Work to be completed
Begin at the line containing "Gongdie Унисекс Пижамные комплекты" in the entries below and end at the line containing "Cabin 1 Lynn View Lodge Haines Exterior foto"; transcribe that range exactly and nothing outside it.

Input material
_ _ _ _ _ _ _
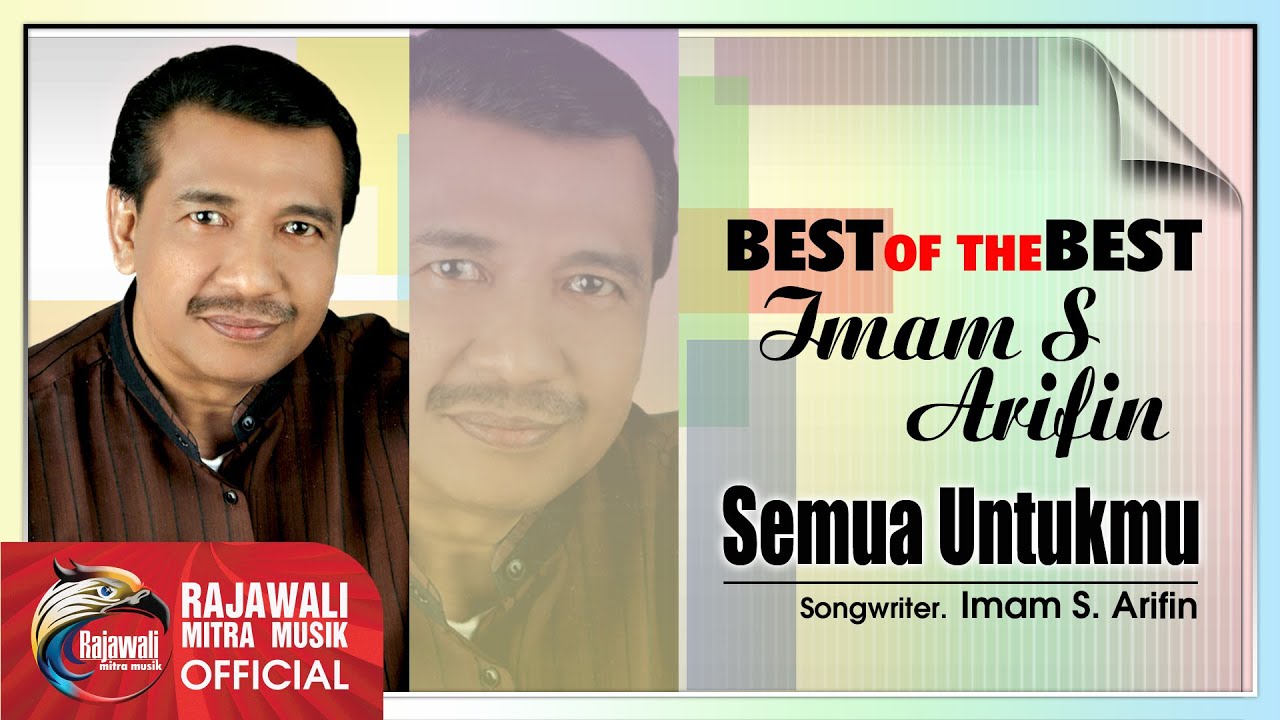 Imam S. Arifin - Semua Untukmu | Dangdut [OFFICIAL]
_ _ _ _ _ _ _
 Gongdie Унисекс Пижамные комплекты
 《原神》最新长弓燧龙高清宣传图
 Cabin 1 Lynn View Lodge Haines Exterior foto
_ _ _ _ _ _ _
Solution to this task
 Gongdie Унисекс Пижамные комплекты
 《原神》最新长弓燧龙高清宣传图
 Cabin 1 Lynn View Lodge Haines Exterior foto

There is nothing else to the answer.